Positive Regression Coming
Sandy Alcantara 41%
Janson Junk 35%
Jordan Hicks 34%
Tyler Alexander 33%
Jake Bird 32%
Tylor Megill 32%
German Marquez 31%
Jake Irvin 30%
Luis Severino 30%
Mitchell Parker 29%
Ben Casparius 29%
Jimmy Herget 29%
Ben Brown 29%
Sean Newcomb 29%
That’s everybody currently over 29%, the true “tail” pitchers. They should all do better in this regard for the rest of the season (if they’re healthy and pitching in the Majors, of course, which many of them are not).
Negative Regression Coming
Shota Imanaga 8%
Hunter Greene 9%
Corbin Burnes 12%
Jacob deGrom 12%
Tarik Skubal 13%
Nathan Eovaldi 13%
Noah Cameron 13%
Zack Wheeler 13%
Kodai SEnga 14%
Colton Gordon 14%
Chad Patrick 14%
Freddy Peralta 15%
Bryan Woo 14%
Clarke Schmidt 14%
Colin Rea 14%
That’s everybody under 15%.
Since you’re seeing some stud names there, you might be tempted that indeed, the elite of the elite (deGrom, Skubal, Greene, Wheeler) might actually be able to really buckle when RISP and actually reliably put up a super low number here. But the data doesn’t show that:
There’s only season shown there well above the 21% league average (Hunter Greene 2023), but the majority of the values are in the normal range between 18% and 24%.

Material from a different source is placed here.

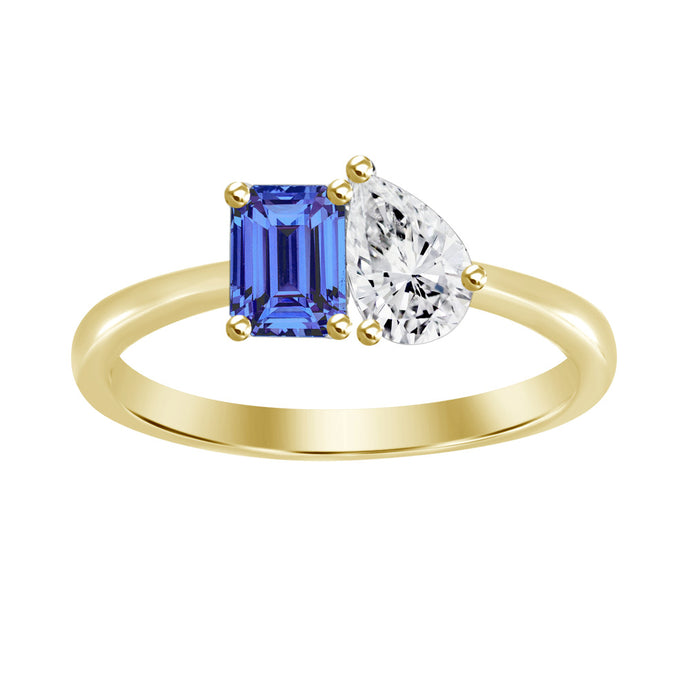 Ilse Diamond Sappphire Ring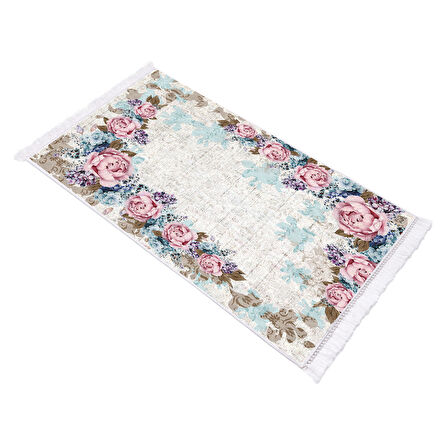 Dekoreko İpek Halı Dijital Saçaklı 1821 Desen 1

So that’s it. If you’re already using LOB% in your analysis, there’s no reason to take this stat in as well. It’s not any more useful than LOB% (I don’t think), and they’re both mostly measuring the same thing, so it makes sense just to choose one and go with it.
But it integrates really nicely into my dashboards, so I will be using it a lot as we go forward. You can find on the main dashboard (check the resource glossary for that link) on the Pitcher Luck tab and also the Pitcher Profile tab, and both will adjust to whatever parameters and filters you put on.